I know, for the Manaiakalani project at least, there were loads of volunteers. The thanks was mostly around money - not time, effort, volunteered expertise etc.
And I found the audience to be a little condescending. There were a few cultural dances in between the speeches and I heard whispers of "that's beautiful". It sort of came across as "look at the little brown people in their colourful costumes". I don't know what could have been done about that but it did bother me to an extent.
In saying all of that, the scope of the project is amazing. The approach that's being taken, how involved the community are in determining their own futures and the sort of support the project is getting in all areas just astounding.
I met a guy who was there scoping out the area for a potential community garden as part of a health initiative. Brilliant.
So fast forward 2 days, and we had the Manaiakalani end of year bash. A much less formal event where we drunk, gossiped and talked. Brilliant. I even got called a gentleman! A hell of a title to live up to though.
About 20 students had dressed up and did a haka and a few other performances (sorry guys - not really up on the correct terminology). The bit which really stuck me though, was just how proud of these kids I could be. I can't quite explain it. I guess I have a sense of possessiveness of the kids given that I've been at school so often and we've formed our own little relationships (one of my favourite ones is where a certain someone says "Hello Mr. Nevyn". And then, in the same breath she'll come out with "I'm sorry - I forgot to leave off the Mr". The "Mr" just suddenly appeared one day with no real explanation. Before that I was just Nevyn).

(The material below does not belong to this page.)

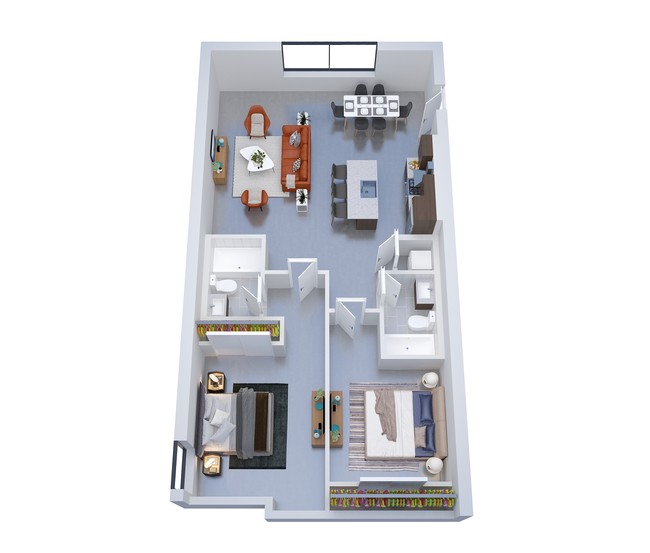 Floorplan - Peanut Factory Flats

And finally, the name sake of this post - The Whole Village.
Today was the Volunteers Morning Tea at Point England School. I had been invited to this a few weeks ago and I was told that it was fairly big. What I didn't realise until today was just how big. I've always thought of that saying "It takes a village to raise a child" to be something quite foreign. I mean, we don't really have villages in New Zealand right?
So I'm there looking around the room and more chairs had to be put out. There were that many people. People who helped with one on one reading. People who organised the walking school buses. People who did a bit of work around the school. People who supervised on school trips / camps etc.
Considering that I was the only one there from the volunteers (and commercial partners) from the Manaiakalani project, you also have to take into account the people working in the background.
But those people weren't invited - the only people invited I'm guessing where those who had actually been at the school during school hours. What's astounding about that is the fact that I was told only about half of those who were invited were able to come today. More chairs, still people standing around, only half of those invited there, and loads of people not invited.
That's not a village - that's a friggin' town.